## Exercise details
In the data below, repeat the line containing "Apartamentos com 120m², 2" and every following line exactly, up to and including the last line. Exclude pictures.

## Provided material
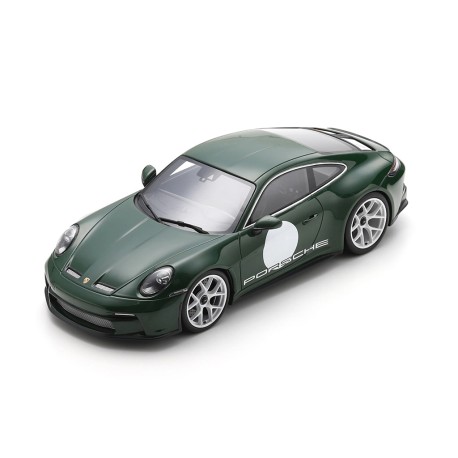 911 S/T 992 Irishgreen with Heritage Package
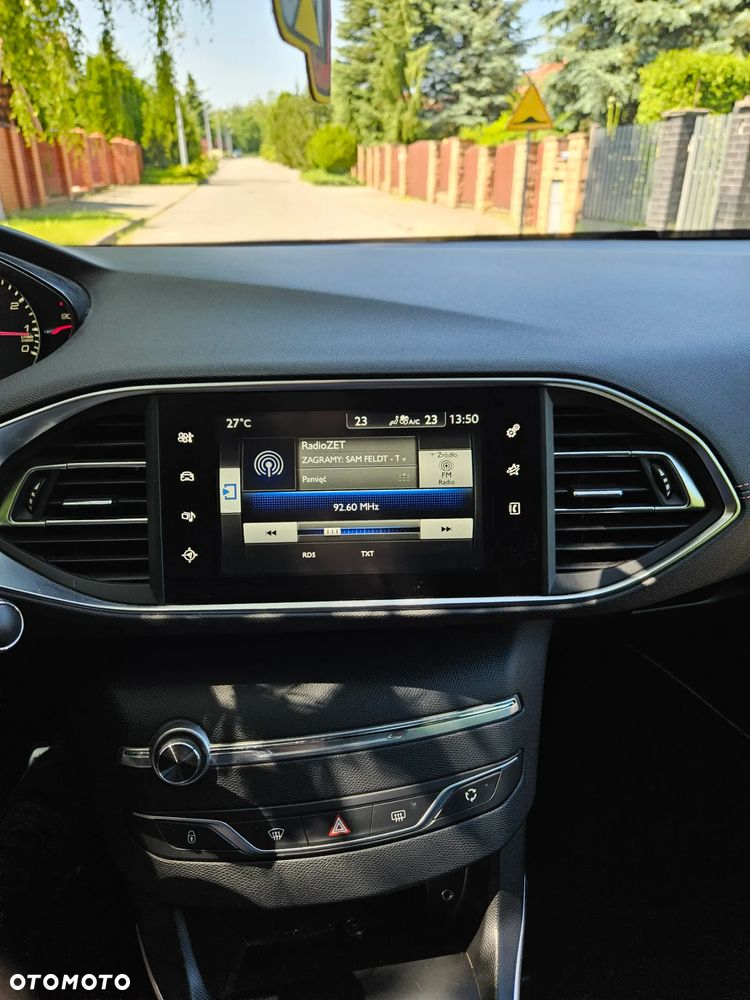 Peugeot 308 1.6 e-THP GT S&S - 40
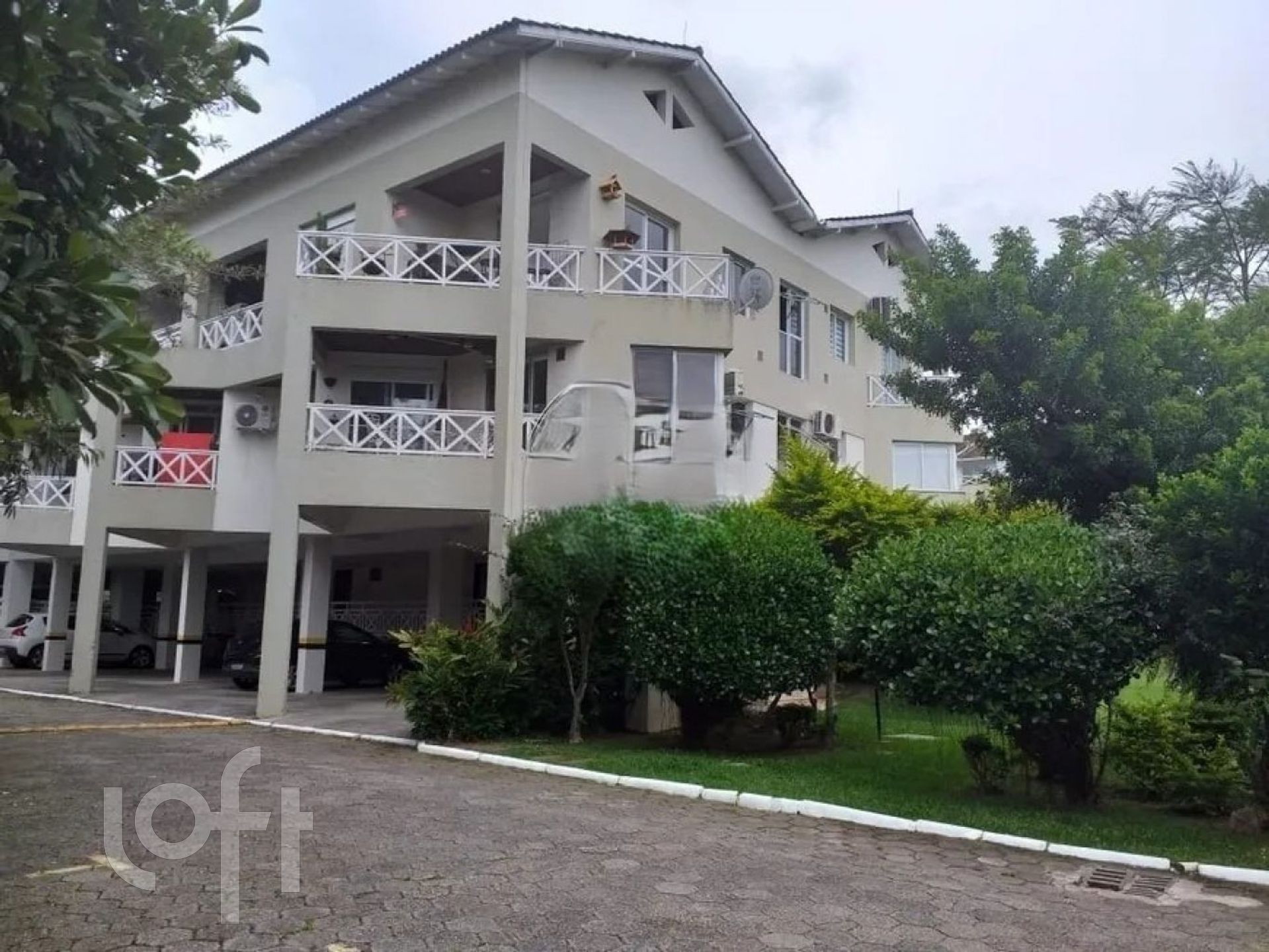Apartamentos com 120m², 2 quartos, 1 suíte, 1 garagem, no bairro Porto da Lagoa em Florianópolis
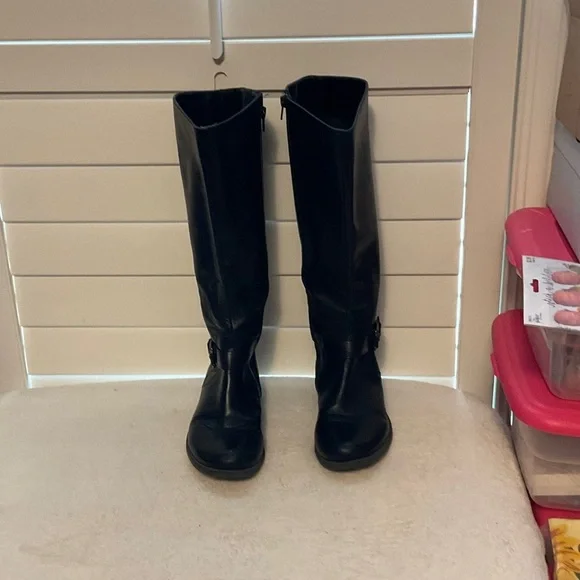 Me Too Black Ankle Boots - Picture 1 of 9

## Task result
Apartamentos com 120m², 2 quartos, 1 suíte, 1 garagem, no bairro Porto da Lagoa em Florianópolis
 Me Too Black Ankle Boots - Picture 1 of 9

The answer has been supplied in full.